TASK TO COMPLETE:
Transcribed word for word, the lines below from the one with "VW Golf 3 VR6 billede 1" through the last line of the records form the answer; no picture is to be included.

DATA PROVIDED:
____________________

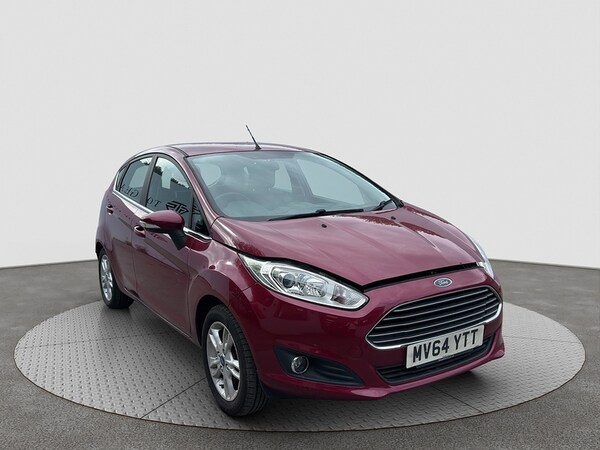 Used Ford Fiesta 2014 for sale - 73815407: Photo 8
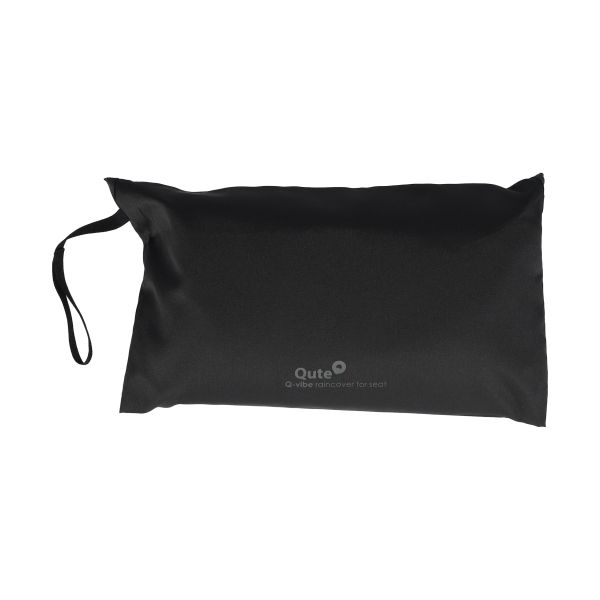 Qute Q-Vibe Regenhoes Zitje Qute Q-Vibe Regenhoes Zitje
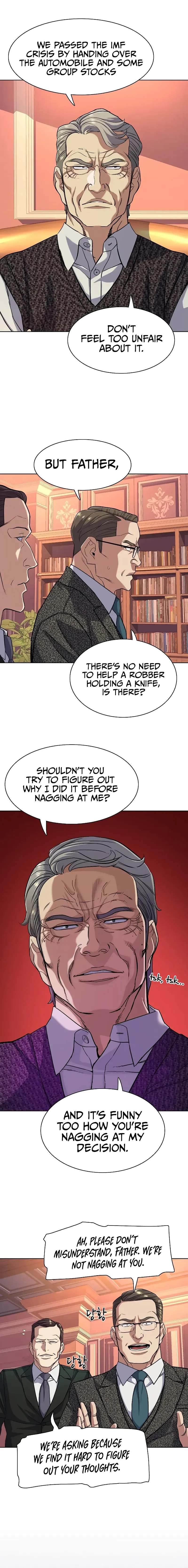 The Chaebeol’s Youngest Son chapter 58 page 1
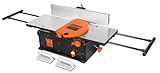WEN 12-Amp 10-Inch Spiral Benchtop Jointer with Extendable Cast-Iron Table (JT1020H)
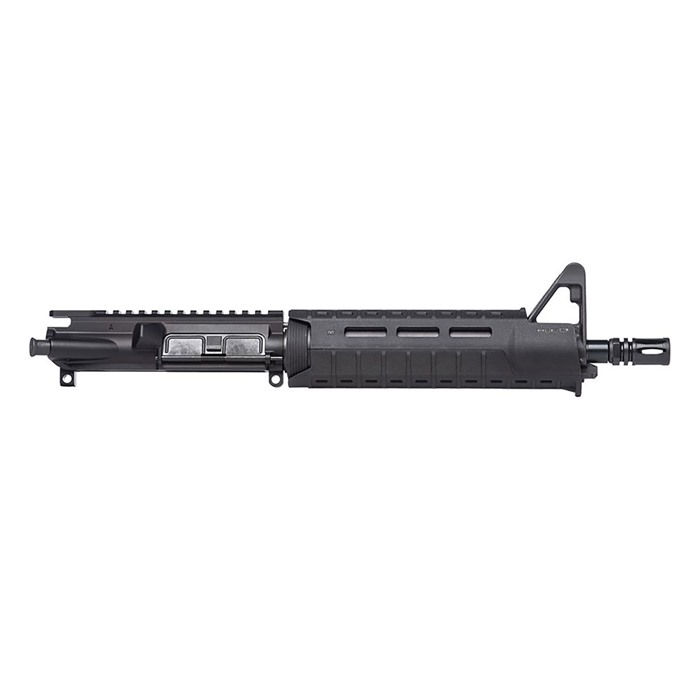 AERO CMPLT UPPER 5.56 10.5" MOE BLK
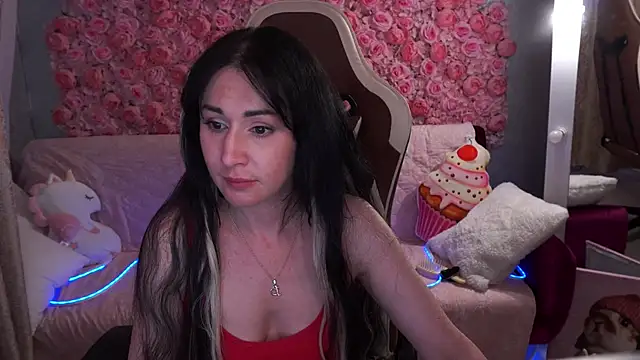 CarolinaaFoxyyy online show from May 27, 1:57 am
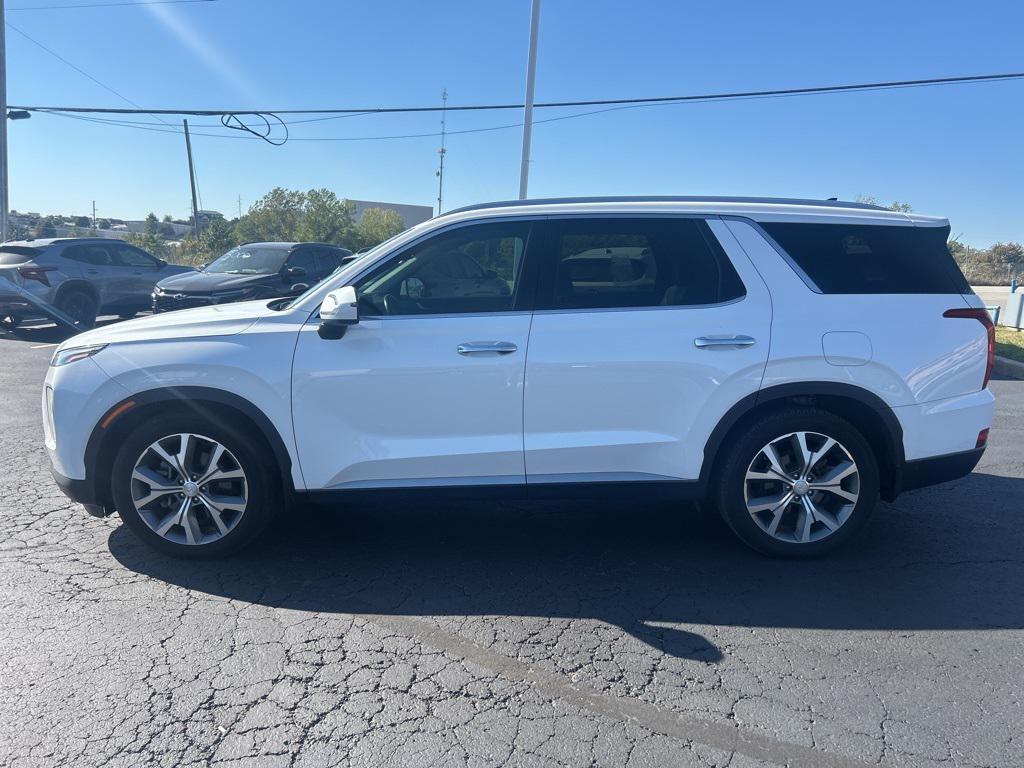 used 2020 Hyundai Palisade car, priced at $21,662
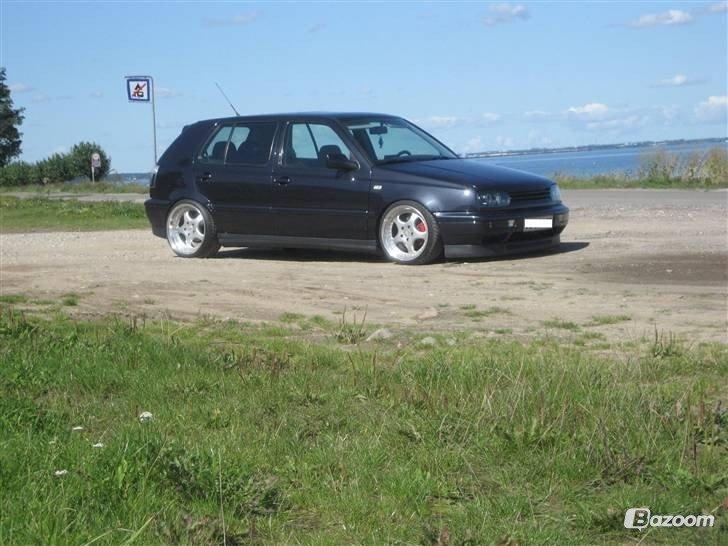 VW Golf 3 VR6 billede 1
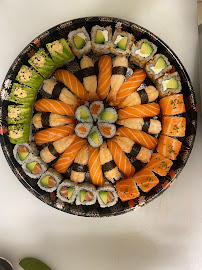 Sushi du Restaurant japonais Similan sushi Stains - n°18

____________________

TASK SOLUTION:
 VW Golf 3 VR6 billede 1
 Sushi du Restaurant japonais Similan sushi Stains - n°18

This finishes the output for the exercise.